Water companies would either have to pass the increased costs onto their consumers or find other ways to reduce other budget expenses to address the sudden increase in rates. Water rate hikes impact everyone— residents, manufacturers, businesses, and school districts — anyone who uses water in anyway.

Across California, cities like Montebello, South Pasadena and San Diego have already approved water rate increases in response to increases in wholesale water costs. Others like Bell Gardens have yet to do the same.

But not passing on the costs to customers could leave Bell Gardens, with a water system in needed upgrades and 19 years without rate hikes, to have to dig into their reserves or make cuts elsewhere.

Bell Gardens City Manager Phil Wagner told EGP declaration of a drought emergency would not have an “immediate impact” on water rates, citing the reserves from their water provider.

However advocates of the declaration say rate hikes are not the only thing people should be worried about; they should also be concerned that the quality of the water they consume may be negatively affected because the lack of new rain prevents the water stored in the reservoirs from being “recharged” after sitting undisturbed. It leads to the brownish water that Bettencourt compares to the quality of coffee from the bottom of the pot.

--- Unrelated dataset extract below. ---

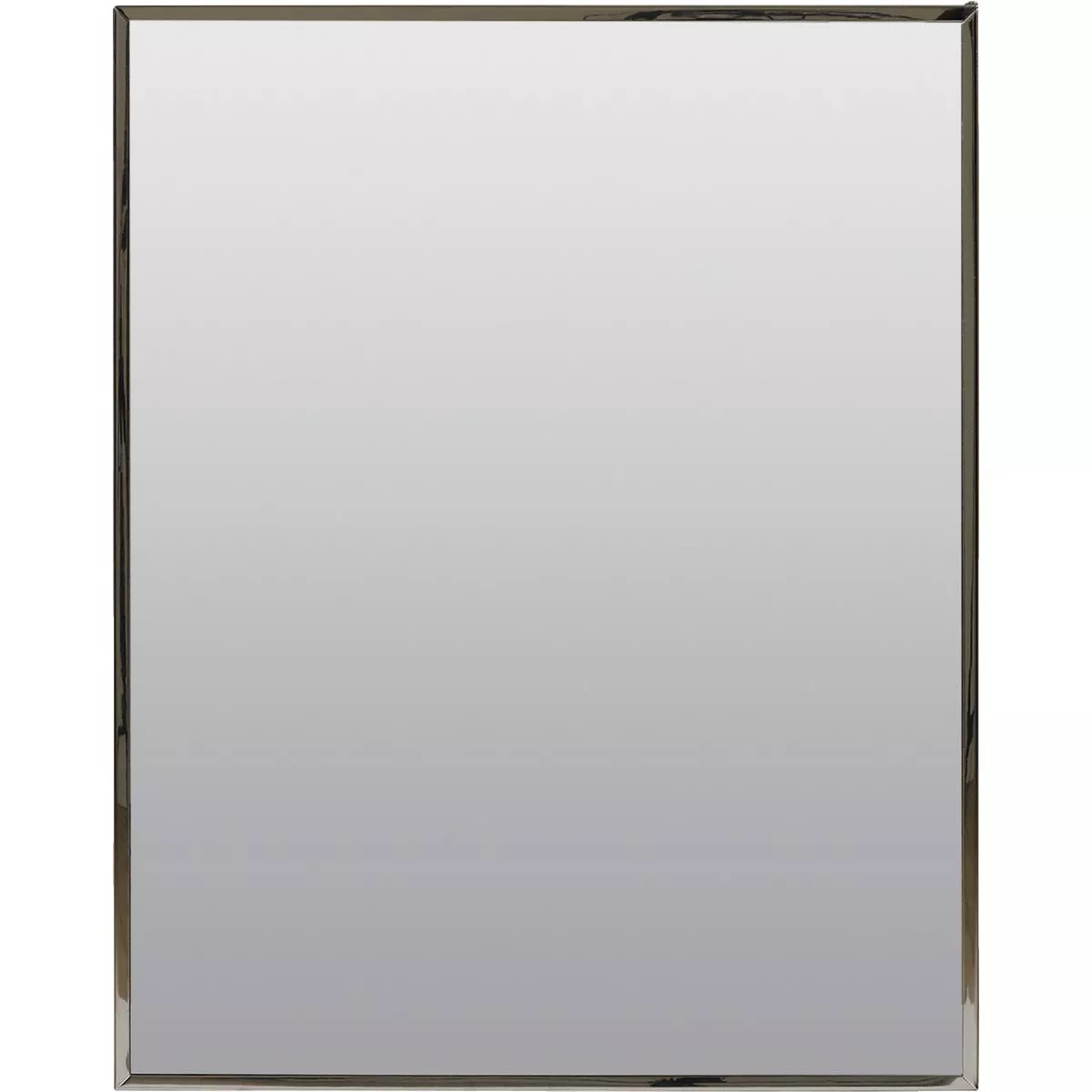 Zenith Stainless Steel 16.13 in W x 20.13 in H x 3.25 in D Single Mirror Surface/Recess Mount Medicine Cabinet - photo 3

She says an emergency drought declaration would not only ensure that safe, clean water is transported throughout the state, but would call on the federal government to create maximum relief that could prevent this situation from happening in the future by instilling the “most relaxed system allowed under the law,” referring to the environmental laws that require a percentage of water to be allocated for wildlife under the Endangered Special Act.

She says “terrible decisions” on what to do with the water that was in the upstream reservoirs, or the surplus from the previous year, are contributing to the heightened problems today,

“If it were to rain we need to be ready to store the excess in our available reservoirs and not just let it [flow out] to the sea,” she said.

Wagner says if a drought is declared, Bell Gardens would have to be “water wise” and educate their residents to help conserve water by following “common sense” rules such as turning off the faucet while brushing teeth and reducing the use of water on lawns and cars.

Bell Gardens Assistant City Manager John E. Oropeza told EGP the city has previously taken steps to conserve water throughout the city. One example is the recycling of water for their golf course and other parks and recreation uses through efficient sprinkler systems.

But Bettencourt says the biggest impact on water conservancy will come from realizing how important the issue is in the first place, and holding elected officials accountable for exploring options to prevent droughts in the future.

The independent cities association’s president, Mario Guerra, told EGP the unanimous vote seeking a drought declaration was a “no brainer.”

“Our water is an economic [issue] both for businesses and cities,” he said.

Representing 48 cities with an estimated seven million residents, Guerra said people will see the impact “really soon” if they don’t begin conserving.

“Residents will see the affects trickle down,” Guerra said.

Bettencourt says the next step is to ensure the governor follows through on the declaration and the federal government is held accountable in making water conservancy and management in California a priority.

“The first six months are so critical in seeing what will happen during the dry season,” she said. “This is crunch time.”